Oral argument: Feb. 28, 2012

Appealed from: United States Court of Appeals for the District of Columbia (March 18, 2011)

Petitioner Asid Mohamad, on behalf of the family and estate of Azzam Rahim sued the Palestinian Authority and the Palestinian Liberation Organization pursuant to the Torture Victim Protection Act, alleging that these organizations were liable for the torture and extrajudicial killing of Rahim. Mohamad asserts that the Act permits plaintiffs to sue private organizations and corporations, as well as natural persons. In contrast, the Palestinian Authority and the Palestinian Liberation Organization argue that the statute's use of the term "individual" explicitly exempts private organizations from the Act's liability provision.
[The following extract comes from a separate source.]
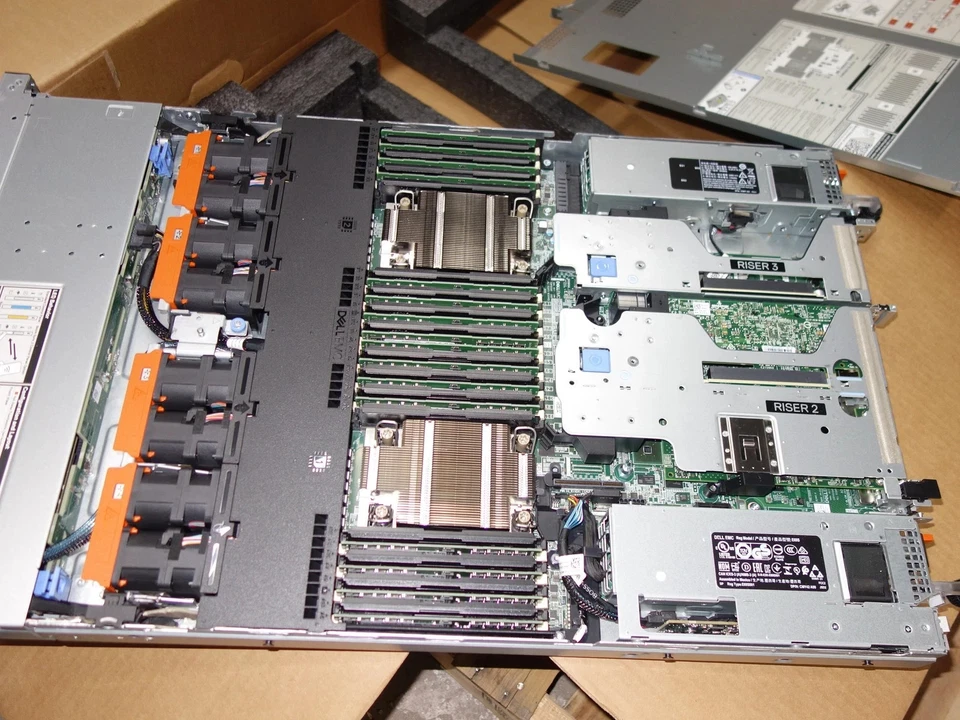 Dell PowerEdge R650 2x Gold 6354 3.6Ghz 18C 512GB 4x 960GB H755 BOSS-S2  NEW - Image 3 of 4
This case will determine the extent to which victims of torture may bring suit against organizations that may be responsible for acts of torture. The decision may have repercussions for both foreign policy and international businesses.

Question presented

Whether the Torture Victim Protection Act, 28 U.S.C. § 1350 note § 2(a), permits actions against defendants which are not natural persons.
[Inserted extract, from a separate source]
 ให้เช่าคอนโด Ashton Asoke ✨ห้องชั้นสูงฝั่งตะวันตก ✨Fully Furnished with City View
Does the Torture Victim Protection Act allow victims of torture to sue non-state organizations, or may a victim only bring suit against individual persons?



Azzam Rahim, a Palestinian-born American citizen, was visiting the West Bank in 1995 when several men who identified themselves as security police forced him into an unmarked car. These men took Rahim to a prison in Jericho where he was tortured and killed. A later statement issued by the U.S. Department of State reported that Rahim had "died in the custody of PA [Palestinian Authority] intelligence officers in Jericho." Subsequently, Mohamad filed suit against the Palestinian Authority and the Palestinian Liberation Organization (collectively "the Palestinian Organizations") on behalf of Rahim's estate and family for damages under the Torture Victim Protection Act ("TVPA"), .

The Torture Victim Protection Act allows both aliens and U.S. citizens to bring a lawsuit against "individuals" committing acts of torture and extrajudicial killing. The TVPA was proposed in response to a judge's question of whether the Alien Tort Claims Act, 28 U.S.C. § 1350 (alternately referred to as the Alien Tort Statute), included a private right of action for victims of torture that took place in other countries. The statute fulfills U.S. obligations towards human rights abuses under the United Nations Charter and other international agreements.

The petitioners initially filed suit in the United States District Court for the Southern District of New York. The Palestinian organizations did not answer the complaint, and the district court granted Mohamad a default judgment. Subsequently, the Palestinian Organizations moved to vacate the default judgment and to dismiss the complaint for lack of personal jurisdiction. In response, Mohamad moved to have the case transferred to the United States District Court for the District of Columbia. The District Court for the District of Columbia then dismissed the case, holding that Mohamad did not have a cause of action under the Torture Victims Protection Act or federal common law. The United States Court of Appeals for the District of Columbia Circuit affirmed, holding that the use of the term “individual” in the law meant that only natural persons could be liable under the TVPA. Therefore, it held that there was no cause of action against the Palestinian Organizations because neither is a natural person.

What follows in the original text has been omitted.